Jane Boleyn remains unknowable through no fault of Fox's. There are few surviving letters from her and her testimony at Catherine Howard's was obviously constrained. Fox makes a convincing case that Jane was simply seduced by the abundant luxury of living close to and being in favor with the King. If he liked you, the perks flowed and you were sleeping in a custom carved bed and drinking from gem-encrusted gold cups. You were also living at the most exciting place in England. The temptation was too much for Jane. Even after seeing the consequences suffered by Anne and George Boleyn. She also convinced me that Jane probably (there's that word again!) did not conspire against or even testify against Anne and George.
Fox is less successful at explaining why Jane helped Catherine commit adultery. That is a hard one to explain even from the lips of the woman herself. And Fox does occasionally try to wring too much from her scant primary sources like when she tries to make a direct connection between the likely charitable endeavors of Jane and Anne and the charitable bequests in the will of Anne's grandfather.

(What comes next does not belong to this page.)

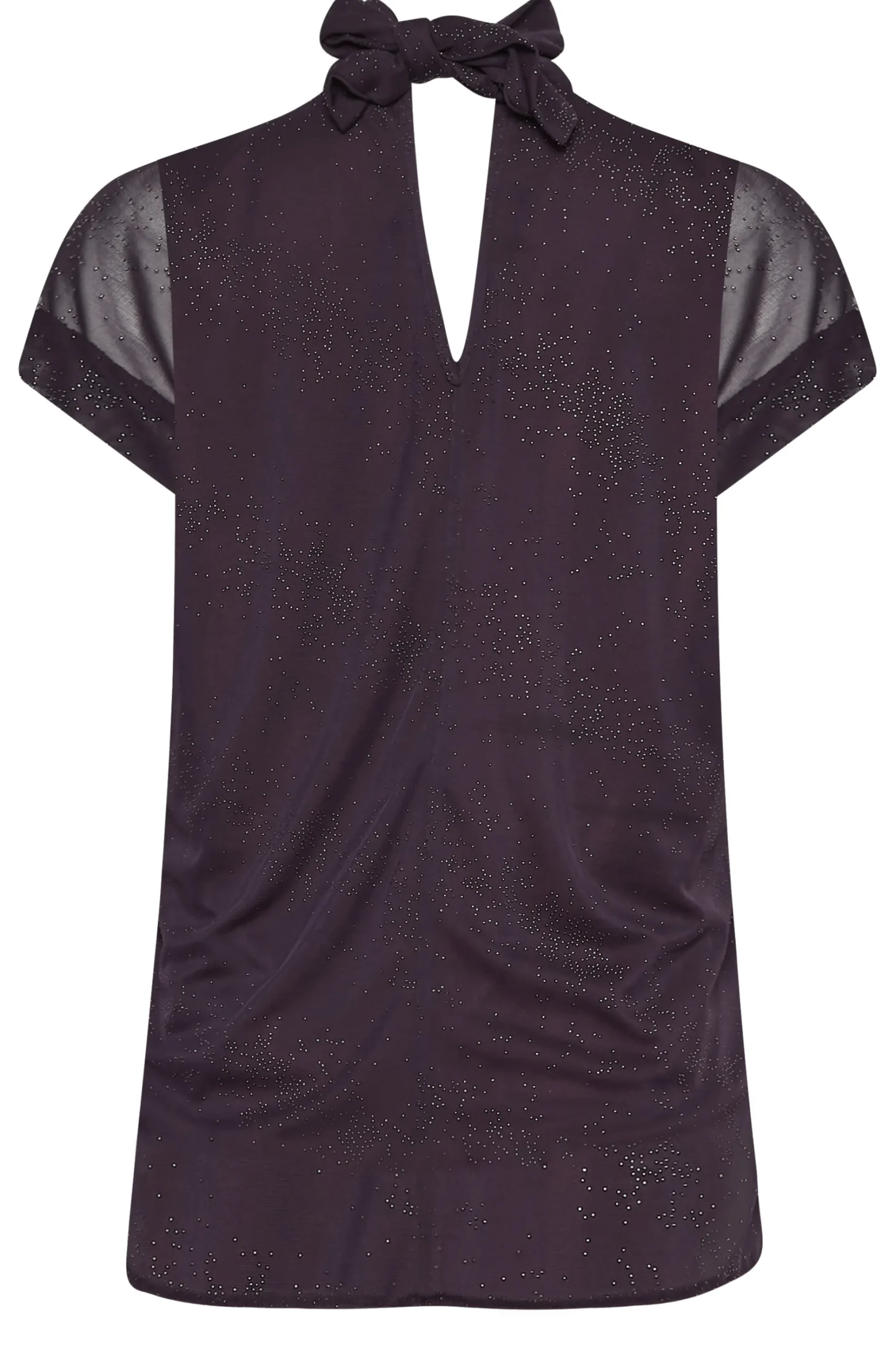 M&Co Womens M&Co Dark Purple Tie Neck Blouse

This is an interesting attempt to reclaim a notorious figure from the unsubstantiated stories told against her for centuries. I'm not sure who is the best audience for this book, though. If you're a Tudorphile, like me, you'll find yourself covering a lot of ground you've been over before many times but you will get a fresh perspective on Jane Boleyn. If you're new to the Tudors, will you even care about Jane Boleyn? I'm not sure. If you are interested in the lives in non-royal women in Tudor England, you could do much worse than to read this book.
The story of Lady Rochford, like so many historical figures, is shrouded in mystery and clouded by the writings of those who had reasons to obscure the true facts long after the person had died. Going back to the earliest information about Jane Boleyn still extant, Ms Fox has pieced together the story of a very different person than history has allowed to come down to us. She has taken all the various viewpoints about her subject and combed through them to find which one(s) made the most sense and had the most concrete information available to back it up.
I thoroughly enjoyed this book and I will be reading anything else of hers I can find.